(Records for the task Opens)

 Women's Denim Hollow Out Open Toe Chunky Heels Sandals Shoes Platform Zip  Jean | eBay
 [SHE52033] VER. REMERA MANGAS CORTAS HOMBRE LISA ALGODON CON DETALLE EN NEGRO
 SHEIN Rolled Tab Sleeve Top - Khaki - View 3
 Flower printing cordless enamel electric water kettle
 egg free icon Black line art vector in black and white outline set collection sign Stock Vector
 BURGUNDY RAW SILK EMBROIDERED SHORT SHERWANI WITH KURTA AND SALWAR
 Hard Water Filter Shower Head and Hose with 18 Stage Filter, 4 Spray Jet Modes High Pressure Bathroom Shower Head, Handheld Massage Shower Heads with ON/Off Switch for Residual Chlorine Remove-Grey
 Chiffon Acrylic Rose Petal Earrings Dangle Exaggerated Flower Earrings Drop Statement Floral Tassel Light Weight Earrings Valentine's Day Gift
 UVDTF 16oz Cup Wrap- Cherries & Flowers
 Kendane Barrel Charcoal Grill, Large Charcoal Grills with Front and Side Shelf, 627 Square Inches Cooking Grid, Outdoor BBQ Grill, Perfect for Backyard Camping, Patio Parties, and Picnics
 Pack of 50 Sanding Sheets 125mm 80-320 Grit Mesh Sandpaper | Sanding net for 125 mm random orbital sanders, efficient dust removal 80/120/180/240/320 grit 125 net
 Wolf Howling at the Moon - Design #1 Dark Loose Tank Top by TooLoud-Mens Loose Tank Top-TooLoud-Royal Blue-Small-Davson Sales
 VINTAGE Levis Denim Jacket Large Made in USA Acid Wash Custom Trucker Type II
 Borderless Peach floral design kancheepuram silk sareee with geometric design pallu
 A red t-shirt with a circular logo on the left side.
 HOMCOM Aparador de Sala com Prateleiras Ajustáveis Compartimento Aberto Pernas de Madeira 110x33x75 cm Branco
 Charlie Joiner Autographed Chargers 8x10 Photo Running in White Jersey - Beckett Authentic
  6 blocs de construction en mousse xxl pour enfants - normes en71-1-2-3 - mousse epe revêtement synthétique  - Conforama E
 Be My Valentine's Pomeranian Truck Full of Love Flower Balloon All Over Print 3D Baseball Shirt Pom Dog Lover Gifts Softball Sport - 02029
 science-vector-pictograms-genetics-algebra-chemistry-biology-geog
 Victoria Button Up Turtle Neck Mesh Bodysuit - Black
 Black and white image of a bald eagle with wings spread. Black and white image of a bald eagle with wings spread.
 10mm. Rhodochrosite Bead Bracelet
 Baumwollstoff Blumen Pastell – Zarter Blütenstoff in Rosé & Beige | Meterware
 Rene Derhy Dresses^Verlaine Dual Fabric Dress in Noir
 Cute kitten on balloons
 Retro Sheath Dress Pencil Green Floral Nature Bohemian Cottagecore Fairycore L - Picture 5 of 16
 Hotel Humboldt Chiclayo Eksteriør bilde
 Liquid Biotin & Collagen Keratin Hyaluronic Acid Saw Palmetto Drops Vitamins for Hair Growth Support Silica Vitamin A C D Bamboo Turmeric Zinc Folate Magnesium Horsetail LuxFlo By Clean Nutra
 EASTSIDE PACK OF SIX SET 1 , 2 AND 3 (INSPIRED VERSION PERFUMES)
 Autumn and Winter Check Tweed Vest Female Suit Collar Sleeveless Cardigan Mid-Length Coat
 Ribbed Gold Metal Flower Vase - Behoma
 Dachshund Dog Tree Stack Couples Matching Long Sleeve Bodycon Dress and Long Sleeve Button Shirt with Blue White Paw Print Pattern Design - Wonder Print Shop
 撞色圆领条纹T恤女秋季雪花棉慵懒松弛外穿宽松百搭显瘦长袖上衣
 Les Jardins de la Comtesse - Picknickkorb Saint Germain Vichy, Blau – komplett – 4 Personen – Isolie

(Records for the task Closes)

▶ **Aim of the task**: Beginning at the line with "Baumwollstoff Blumen Pastell" and ending at the last line of the entries, print every line exactly.

▶ **Exercise output**:
 Baumwollstoff Blumen Pastell – Zarter Blütenstoff in Rosé & Beige | Meterware
 Rene Derhy Dresses^Verlaine Dual Fabric Dress in Noir
 Cute kitten on balloons
 Retro Sheath Dress Pencil Green Floral Nature Bohemian Cottagecore Fairycore L - Picture 5 of 16
 Hotel Humboldt Chiclayo Eksteriør bilde
 Liquid Biotin & Collagen Keratin Hyaluronic Acid Saw Palmetto Drops Vitamins for Hair Growth Support Silica Vitamin A C D Bamboo Turmeric Zinc Folate Magnesium Horsetail LuxFlo By Clean Nutra
 EASTSIDE PACK OF SIX SET 1 , 2 AND 3 (INSPIRED VERSION PERFUMES)
 Autumn and Winter Check Tweed Vest Female Suit Collar Sleeveless Cardigan Mid-Length Coat
 Ribbed Gold Metal Flower Vase - Behoma
 Dachshund Dog Tree Stack Couples Matching Long Sleeve Bodycon Dress and Long Sleeve Button Shirt with Blue White Paw Print Pattern Design - Wonder Print Shop
 撞色圆领条纹T恤女秋季雪花棉慵懒松弛外穿宽松百搭显瘦长袖上衣
 Les Jardins de la Comtesse - Picknickkorb Saint Germain Vichy, Blau – komplett – 4 Personen – Isolie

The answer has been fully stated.